Presumably, the new building will be cast as part of the rebirth of the neighborhood. New residents can be part of something new. But, how exactly do the luxury apartments fit with the legacy of the public housing project (which could be remembered by different people for their crime, lack of maintenance, a land grab by the city) or even with the Little Sicily area that preceded the high rises? (Hence the name borrowing from Saint Frances Xavier Cabrini, the patron saint of immigrants.) Who exactly gets to decide what the new neighborhood will be called – new developers, former residents, others? Location names aren’t just geographic; they have social connotations that often do not change quickly.

Those opposed to the teardown of the high rises might see this as another instance of whitewashing history by removing public housing residents from the public eye. In a few years, perhaps Cabrini-Green will simply mean another luxury apartment neighborhood outside of Chicago’s Loop.

Over 2,000 new housing units in CHA proposal for Cabrini-Green site

Redevelopment at Cabrini-Green continues with the Chicago Housing Authority’s unveiled proposal this week for over 2,000 new housing units:

Last night, the Chicago Housing Authority formally unveiled its most recent and fully detailed proposal for the nearly 65 acres of land that once belonged the massive Cabrini-Green housing project. Earlier this year, the CHA unveiled a draft plan for the site, which sought to draw out an idea of where housing, retail and new park spaces would be located, however, last night’s meeting offered a clearer picture of how many housing units are planned for the area. The large area will be redeveloped in three phases, and will ultimately produce 2,330 to 2,830 new residences.

Currently, developers are swarming in with new retail and apartment projects, but some are arguing that the new plans don’t offer enough density. Private developers will compete to build new structures on the large parcel of land, with the first phase delivering 970-1,270 units, according to DNAinfo. The balance between market rate, affordable and public housing has not been unveiled, however the CHA could get started on the first as early as late next year.
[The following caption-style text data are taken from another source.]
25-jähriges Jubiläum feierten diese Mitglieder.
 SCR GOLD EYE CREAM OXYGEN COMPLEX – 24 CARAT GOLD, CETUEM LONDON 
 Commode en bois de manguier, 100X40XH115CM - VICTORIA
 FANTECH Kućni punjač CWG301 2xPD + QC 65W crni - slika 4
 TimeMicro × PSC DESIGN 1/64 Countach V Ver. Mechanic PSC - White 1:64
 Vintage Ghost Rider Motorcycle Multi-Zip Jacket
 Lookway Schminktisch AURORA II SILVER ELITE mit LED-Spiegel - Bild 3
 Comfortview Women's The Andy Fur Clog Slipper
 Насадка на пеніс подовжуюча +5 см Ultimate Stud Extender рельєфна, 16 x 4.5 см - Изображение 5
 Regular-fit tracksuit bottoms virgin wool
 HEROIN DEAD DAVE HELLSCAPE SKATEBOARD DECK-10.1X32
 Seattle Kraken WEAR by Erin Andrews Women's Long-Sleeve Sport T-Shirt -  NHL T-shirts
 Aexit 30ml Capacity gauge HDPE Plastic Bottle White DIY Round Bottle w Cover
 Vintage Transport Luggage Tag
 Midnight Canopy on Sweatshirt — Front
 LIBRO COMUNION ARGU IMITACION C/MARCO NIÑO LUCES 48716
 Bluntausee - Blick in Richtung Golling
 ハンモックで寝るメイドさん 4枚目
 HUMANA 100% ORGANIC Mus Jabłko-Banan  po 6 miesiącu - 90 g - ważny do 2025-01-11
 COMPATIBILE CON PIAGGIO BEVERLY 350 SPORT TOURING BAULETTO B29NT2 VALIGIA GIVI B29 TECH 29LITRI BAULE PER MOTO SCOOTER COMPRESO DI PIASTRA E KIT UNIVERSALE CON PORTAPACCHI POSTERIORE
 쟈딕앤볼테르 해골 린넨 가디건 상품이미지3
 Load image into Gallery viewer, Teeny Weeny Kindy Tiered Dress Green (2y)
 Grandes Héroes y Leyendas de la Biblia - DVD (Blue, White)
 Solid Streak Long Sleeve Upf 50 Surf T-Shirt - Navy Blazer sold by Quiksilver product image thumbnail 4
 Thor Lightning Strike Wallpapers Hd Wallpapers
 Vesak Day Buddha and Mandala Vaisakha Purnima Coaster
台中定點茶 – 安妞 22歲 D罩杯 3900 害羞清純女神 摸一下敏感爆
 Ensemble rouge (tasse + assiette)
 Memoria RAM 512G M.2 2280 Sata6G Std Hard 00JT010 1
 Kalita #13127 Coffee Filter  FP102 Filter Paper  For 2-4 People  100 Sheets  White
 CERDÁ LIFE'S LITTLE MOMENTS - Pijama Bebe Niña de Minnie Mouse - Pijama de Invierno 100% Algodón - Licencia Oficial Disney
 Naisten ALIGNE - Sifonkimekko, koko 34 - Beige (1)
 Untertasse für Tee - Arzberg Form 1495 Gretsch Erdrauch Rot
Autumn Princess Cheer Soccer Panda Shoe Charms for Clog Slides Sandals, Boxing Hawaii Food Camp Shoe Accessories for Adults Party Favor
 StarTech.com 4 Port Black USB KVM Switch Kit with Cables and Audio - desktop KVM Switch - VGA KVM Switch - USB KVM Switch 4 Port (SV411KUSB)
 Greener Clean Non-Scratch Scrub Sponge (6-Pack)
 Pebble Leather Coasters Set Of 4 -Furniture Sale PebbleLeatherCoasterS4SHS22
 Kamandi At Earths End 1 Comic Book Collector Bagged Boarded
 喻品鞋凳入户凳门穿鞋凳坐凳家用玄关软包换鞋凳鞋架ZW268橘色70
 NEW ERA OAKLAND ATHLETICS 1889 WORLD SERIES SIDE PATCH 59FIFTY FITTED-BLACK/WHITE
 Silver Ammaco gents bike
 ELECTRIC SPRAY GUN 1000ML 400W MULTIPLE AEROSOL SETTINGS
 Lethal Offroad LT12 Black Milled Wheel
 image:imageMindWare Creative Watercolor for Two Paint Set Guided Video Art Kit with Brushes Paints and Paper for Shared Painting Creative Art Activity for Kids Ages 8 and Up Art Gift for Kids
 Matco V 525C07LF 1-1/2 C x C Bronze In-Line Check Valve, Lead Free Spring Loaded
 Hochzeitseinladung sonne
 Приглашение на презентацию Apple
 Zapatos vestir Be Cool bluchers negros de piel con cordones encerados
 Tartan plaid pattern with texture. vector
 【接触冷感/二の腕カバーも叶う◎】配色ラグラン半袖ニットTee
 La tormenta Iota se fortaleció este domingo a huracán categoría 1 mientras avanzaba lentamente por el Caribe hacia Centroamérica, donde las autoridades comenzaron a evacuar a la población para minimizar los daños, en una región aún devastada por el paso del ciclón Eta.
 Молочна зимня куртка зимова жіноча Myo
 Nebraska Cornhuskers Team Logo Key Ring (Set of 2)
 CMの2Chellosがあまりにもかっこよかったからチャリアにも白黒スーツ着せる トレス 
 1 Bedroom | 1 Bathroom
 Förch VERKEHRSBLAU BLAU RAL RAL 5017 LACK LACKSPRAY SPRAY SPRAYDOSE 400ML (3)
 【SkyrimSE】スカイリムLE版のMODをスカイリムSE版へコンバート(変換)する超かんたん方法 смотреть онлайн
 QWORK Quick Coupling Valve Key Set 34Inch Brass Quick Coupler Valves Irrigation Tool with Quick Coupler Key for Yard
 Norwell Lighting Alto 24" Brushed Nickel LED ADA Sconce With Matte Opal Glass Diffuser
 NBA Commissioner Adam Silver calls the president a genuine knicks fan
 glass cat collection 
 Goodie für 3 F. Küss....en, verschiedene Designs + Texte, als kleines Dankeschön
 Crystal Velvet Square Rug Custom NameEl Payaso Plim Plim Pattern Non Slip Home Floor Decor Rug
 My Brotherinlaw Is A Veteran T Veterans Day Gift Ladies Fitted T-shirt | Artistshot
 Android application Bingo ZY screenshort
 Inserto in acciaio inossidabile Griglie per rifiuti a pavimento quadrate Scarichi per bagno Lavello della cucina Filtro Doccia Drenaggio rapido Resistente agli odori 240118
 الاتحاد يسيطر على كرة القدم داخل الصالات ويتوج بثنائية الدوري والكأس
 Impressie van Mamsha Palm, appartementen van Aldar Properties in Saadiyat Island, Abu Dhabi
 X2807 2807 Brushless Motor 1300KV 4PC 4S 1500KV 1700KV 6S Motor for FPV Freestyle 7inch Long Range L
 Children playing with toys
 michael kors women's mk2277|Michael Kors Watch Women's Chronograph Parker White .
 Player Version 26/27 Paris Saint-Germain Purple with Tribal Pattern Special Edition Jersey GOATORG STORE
This is valuable land as larger parcels like this, particularly on the North Side and near other desirable locations, are rare. I would imagine there will be no shortage of developers who have ideas of how lots of money can be made. Of course, this was one of the arguments of residents and critics of the plan to tear down the high-rises: was this really about providing better public housing and housing opportunities for residents or was this about opening land on the North Side for developers?

Plans for more mixed-income housing at Cabrini-Green site

New plans are in the works for more mixed-income housing on the site of the former high-rises at Cabrini-Green:

As Cabrini-Green continues its march into history books, new residential developments are springing up throughout the 65 acre site of the former public housing project. Enter the Parkside of Old Town development, which is bringing hundreds of new residences to the former Cabrini-Green site. The first couple of phases of the development started a few years ago, but now Holsten Real Estate Development and the Local Advisory Council of Cabrini plan on starting the next phase of the project, which will bring even more new apartments and townhouses to the area. In total, 106 apartments and seven townhouses will make up the new Phase IIB complex, with 36 units reserved for CHA residents, 27 units at affordable rental rates, and 43 apartments will be rented at market rate. 94 apartments will be housed in a nine story building, with the seven townhouses connected to the back of the building. A second three story building will be situated nearby, with the remaining 12 apartment units. Designed by Landon Bone Baker Architects, the new mixed-income development is certainly a departure from the monolithic towers that once stood at the site.

As some of the residents noted in response to plans from the city to tear down the high-rises, this is some valuable property. At the same time, this isn’t a “huge” development and one of the images showing the new buildings suggests there is still a good amount of land left in the area for even more development.